Thursday, September 24, 2009

BATTLESHIP POTEMKIN at THE CITY HALLS

Amazingly , this was the first time ever in Scotland we had the all time lauded classic Eisenstein film featuring the original score by Edmund Meisel written for the Berlin Performance in 1926 , a thunderous , piercing , relentless piece composed in only twelve days, about an year after the film originally come out in Moscow.

The propaganda film has achieved legendary status from many varied admirers from Goebbels to the English painter Francis Bacon.It is sometimes easy to forget in our glib times just how innovative , pioneering and emotionally sweepingly engaging it was to audiences barely prepared for such an interactive media onslaught of moving intensity.

It is a wonder to the passion and radical outpourings the film generated that it was an "X" rated film in the UK until as recently as 1978.The film was banned in many places including the US authorities fearing it would encourage rebellion in the ports and naval bases as it 'gives American sailors a blueprint as to how to conduct a mutiny'.France ; Nazi Germany and the UK until 1954 also banned the film.

In pre-Nazi Germany itself the film was banned in many places owing to Meisels musical score rather than any overt content in the film itself, this prompted Edmund to lament "This, generally speaking, is the first time that political charges have been brought against a musical composition."

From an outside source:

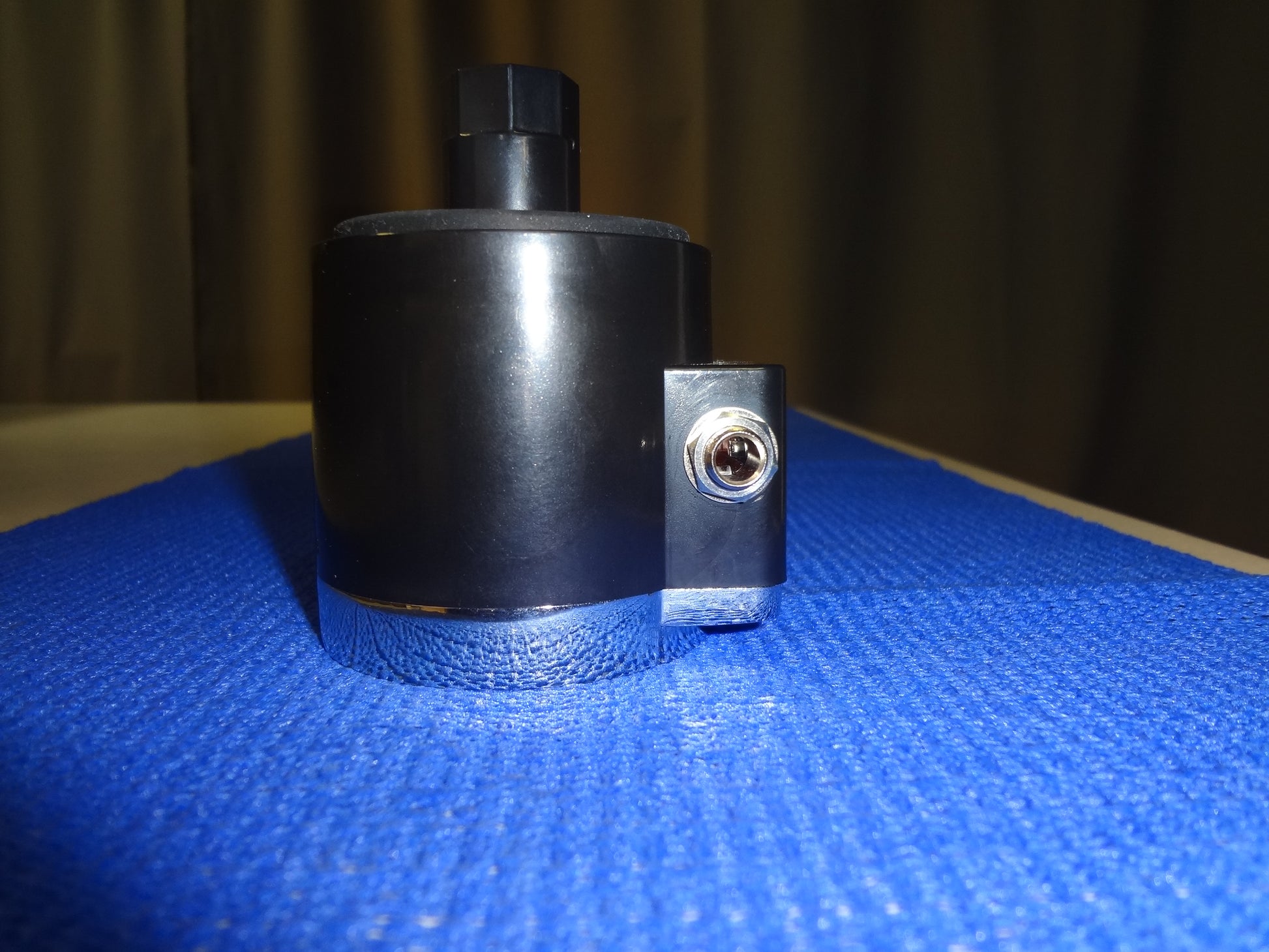 Electronic hi hat controller Roland VH-11 style1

Guest principal conductor Ilan Volkov expertly conduction a hard driven ; thunderously relentless piece of music with suppressed tones of the Marseillaise at points of glory in the revolutionary fervour.The New York herald tribune quite rightly described Meisels score as "powerful, as vital, as galvanic, and electrifying as the film".Once one has seen it like this it would be a disingenuous travesty to view Battleship Potemkin in any other way.Which , considering this was the first time the film has played in Scotland to Meisels accompaniment by a live Orchestra , may not be something that is seen around these parts for a generation to come.